Image-caption web data:
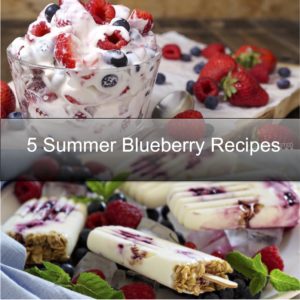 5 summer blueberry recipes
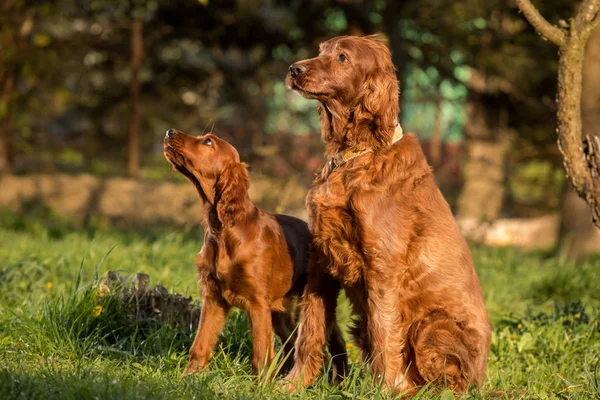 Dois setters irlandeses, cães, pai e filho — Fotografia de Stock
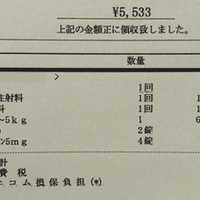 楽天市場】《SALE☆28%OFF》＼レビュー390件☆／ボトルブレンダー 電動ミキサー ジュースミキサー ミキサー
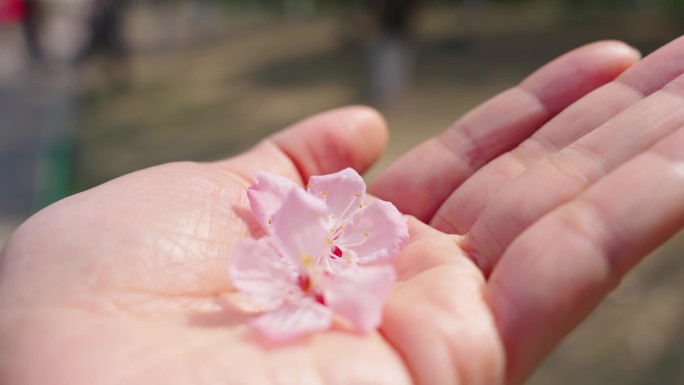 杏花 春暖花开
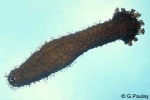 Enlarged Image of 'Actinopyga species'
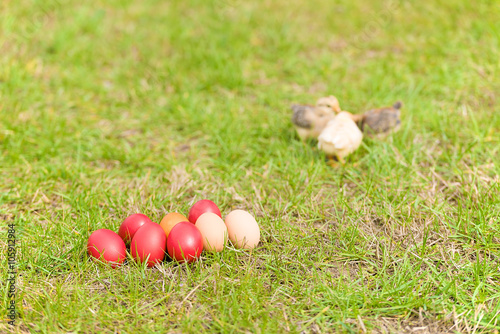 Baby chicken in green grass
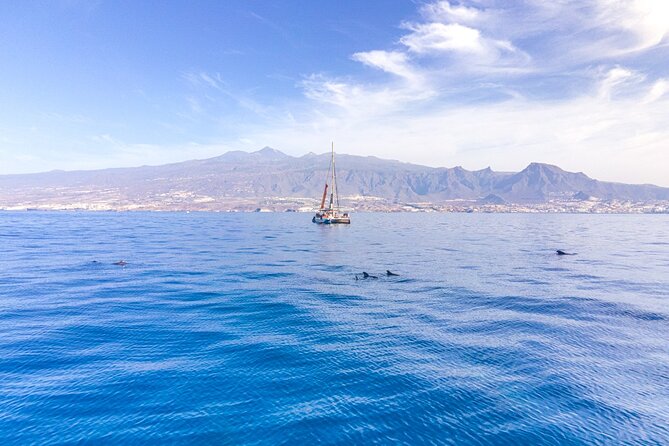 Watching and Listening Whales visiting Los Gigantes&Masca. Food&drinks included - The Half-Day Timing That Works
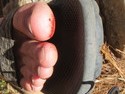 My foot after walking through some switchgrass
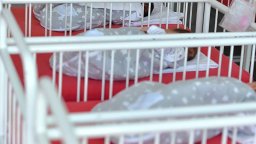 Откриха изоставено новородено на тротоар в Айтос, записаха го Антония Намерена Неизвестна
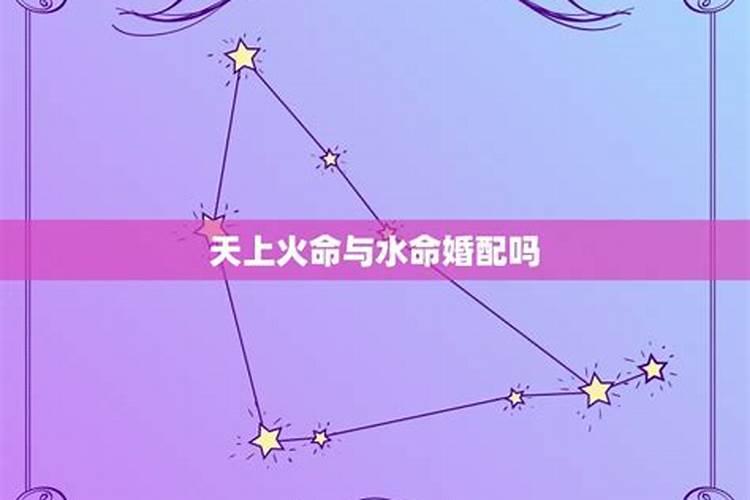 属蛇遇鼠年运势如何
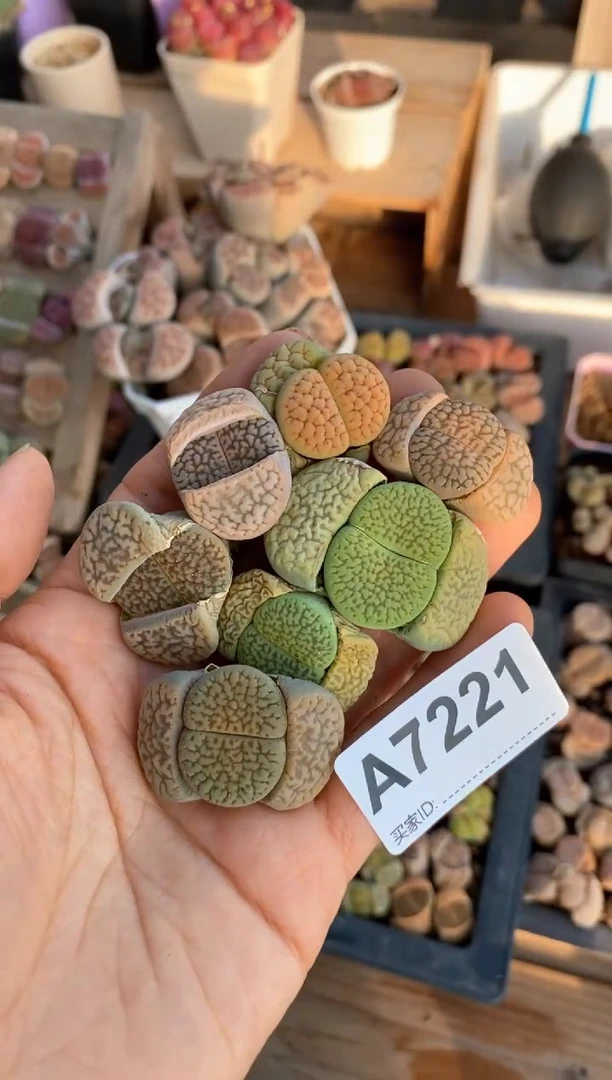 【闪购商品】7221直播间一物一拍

- ASSIGNMENT -
When copying the entries above, keep each word as it is and exclude any image.

- TASK SOLUTION -
 5 summer blueberry recipes
 Dois setters irlandeses, cães, pai e filho — Fotografia de Stock
 楽天市場】《SALE☆28%OFF》＼レビュー390件☆／ボトルブレンダー 電動ミキサー ジュースミキサー ミキサー
 杏花 春暖花开
 Enlarged Image of 'Actinopyga species'
 Baby chicken in green grass
 Watching and Listening Whales visiting Los Gigantes&Masca. Food&drinks included - The Half-Day Timing That Works
 My foot after walking through some switchgrass
 Откриха изоставено новородено на тротоар в Айтос, записаха го Антония Намерена Неизвестна
 属蛇遇鼠年运势如何
 【闪购商品】7221直播间一物一拍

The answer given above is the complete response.